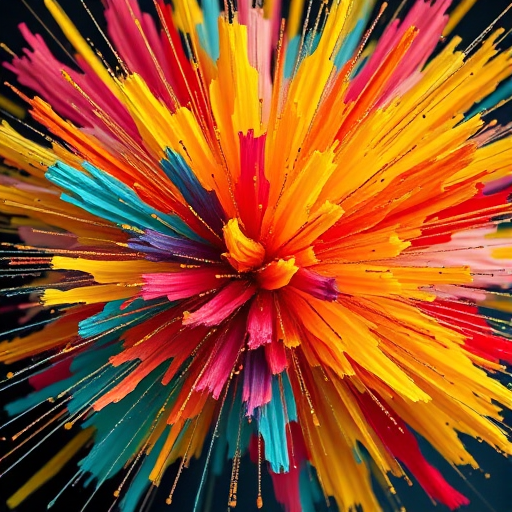 create a vibrant explosion of colors with dynamic brush strokes using a Canon EOS 5D Mark IV, f/8 aperture, ISO 100, 24mm lens, shot in a close-up view to enhance color detail and texture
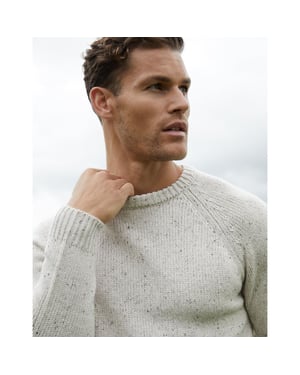 Men's Threadbare Ravenswood Crew in Ecru Nep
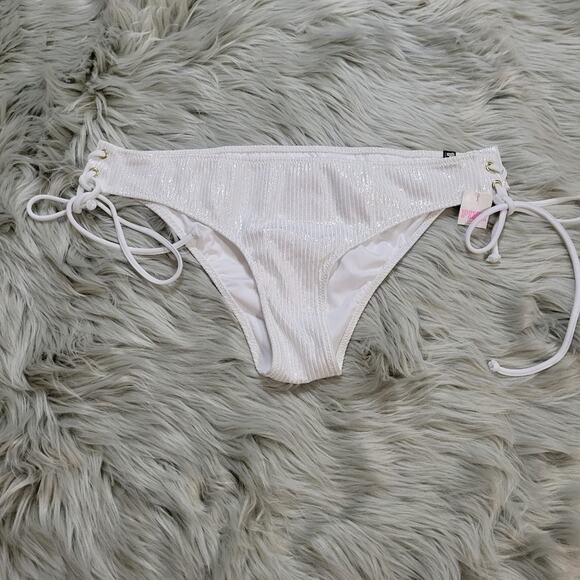 PINK Victoria's Secret NWT Women's Swim Mini Cheekster White Shimmer Size L - Picture 1 of 6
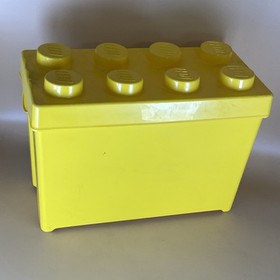 LEGO EMPTY Box & Lid ONLY CLASSIC Large 8 Stud Yellow Brick Storage Container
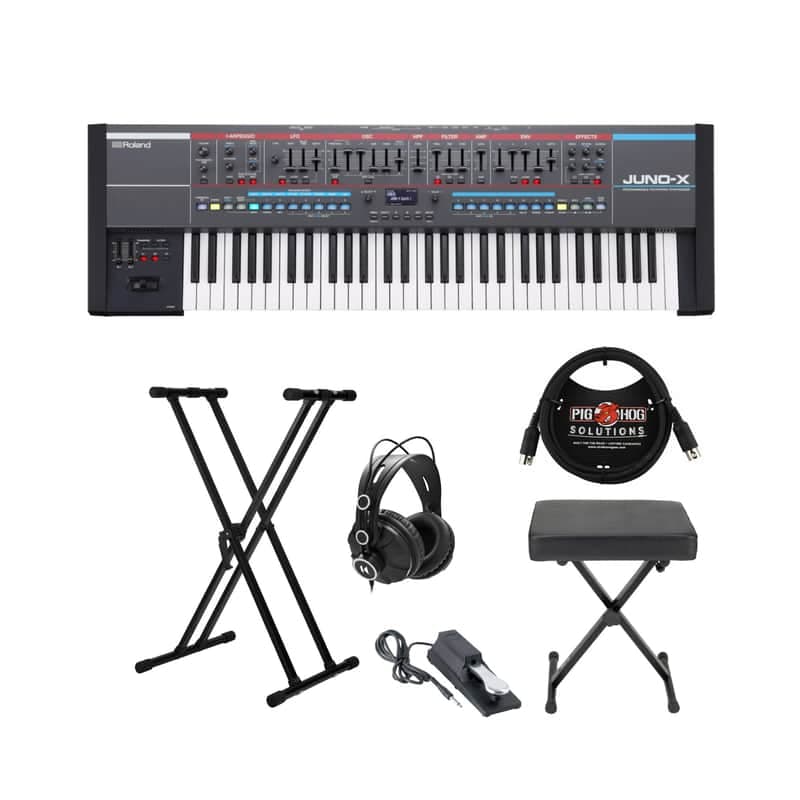 Roland Juno-X Programmable Polyphonic Keyboard Synthesizer with Accessories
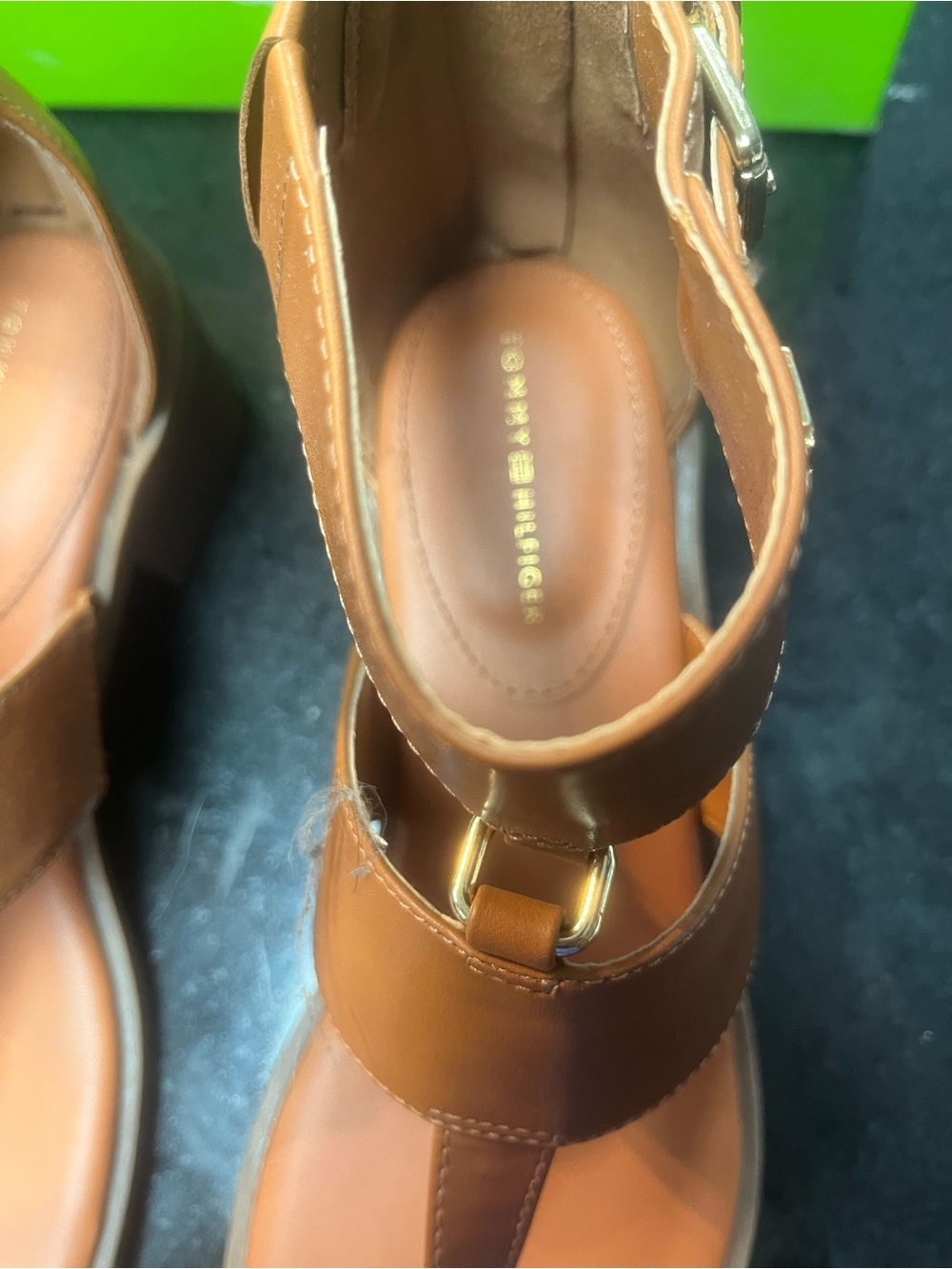 Sz 7 Tommy Hilfiger Tan Leather Block Heel Sandals - Picture 5 of 9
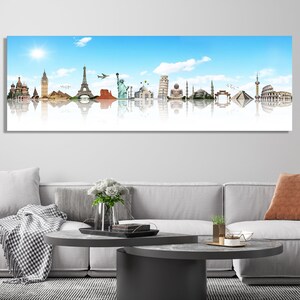 World Landmarks Canvas Print: Travel Wall Art Decor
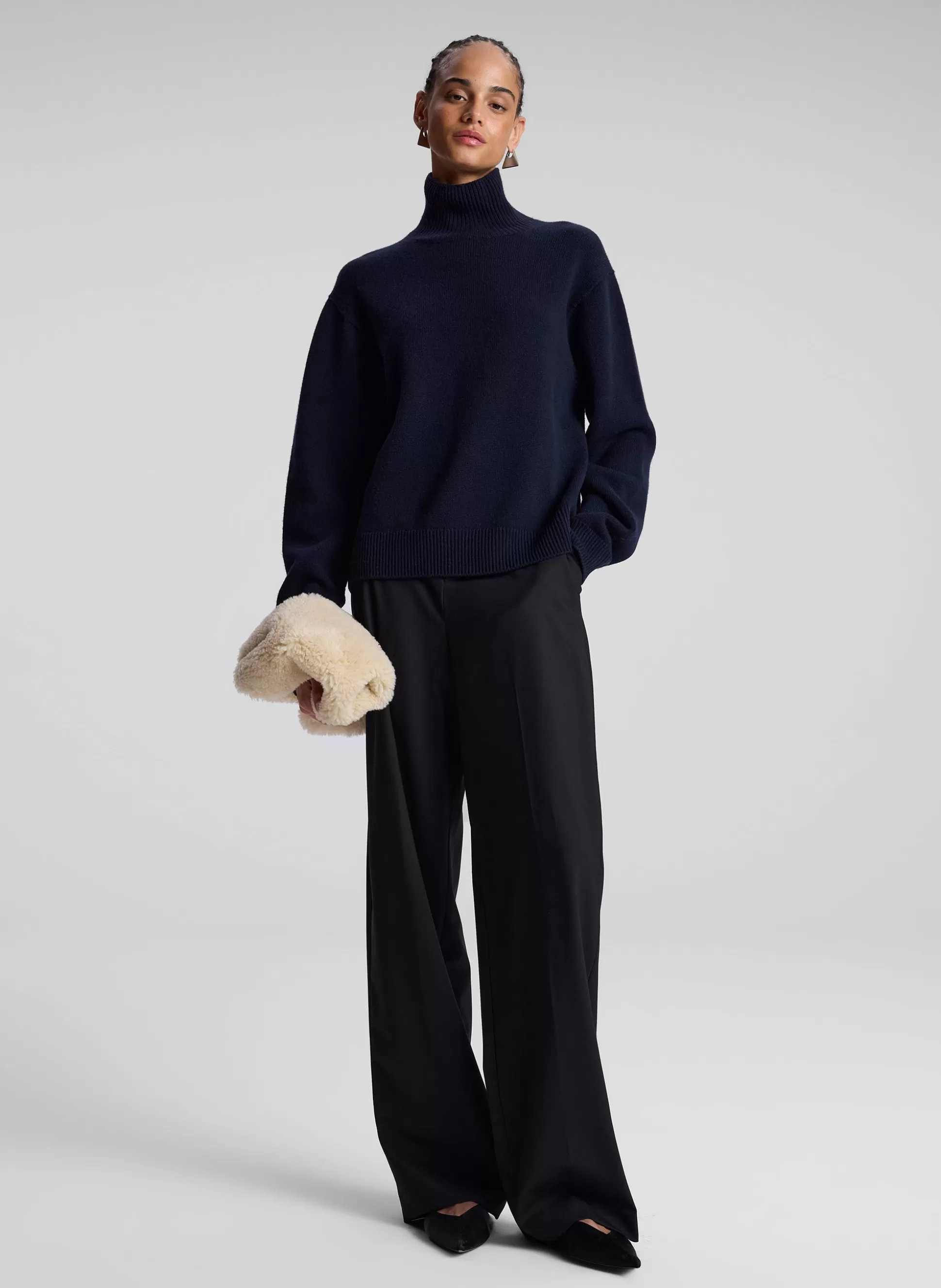 Tops | Sweaters>A.L.C. Teddy Cashmere Turtleneck Sweater Navy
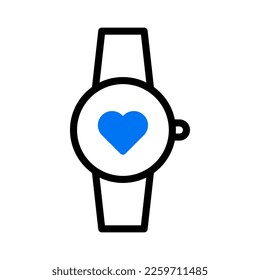 clock icon duotone blue style valentine illustration vector element and symbol perfect. Icon sign from modern collection for web.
_ _ _ _ _ _ _
▸ Exercise requirements: Beginning with the first line of the material above, please output each line exactly through the line that contains "Sz 7 Tommy Hilfiger", and only those, leaving out pictures.

▸ Answer for the task:
 create a vibrant explosion of colors with dynamic brush strokes using a Canon EOS 5D Mark IV, f/8 aperture, ISO 100, 24mm lens, shot in a close-up view to enhance color detail and texture
 Men's Threadbare Ravenswood Crew in Ecru Nep
 PINK Victoria's Secret NWT Women's Swim Mini Cheekster White Shimmer Size L - Picture 1 of 6
 LEGO EMPTY Box & Lid ONLY CLASSIC Large 8 Stud Yellow Brick Storage Container
 Roland Juno-X Programmable Polyphonic Keyboard Synthesizer with Accessories
 Sz 7 Tommy Hilfiger Tan Leather Block Heel Sandals - Picture 5 of 9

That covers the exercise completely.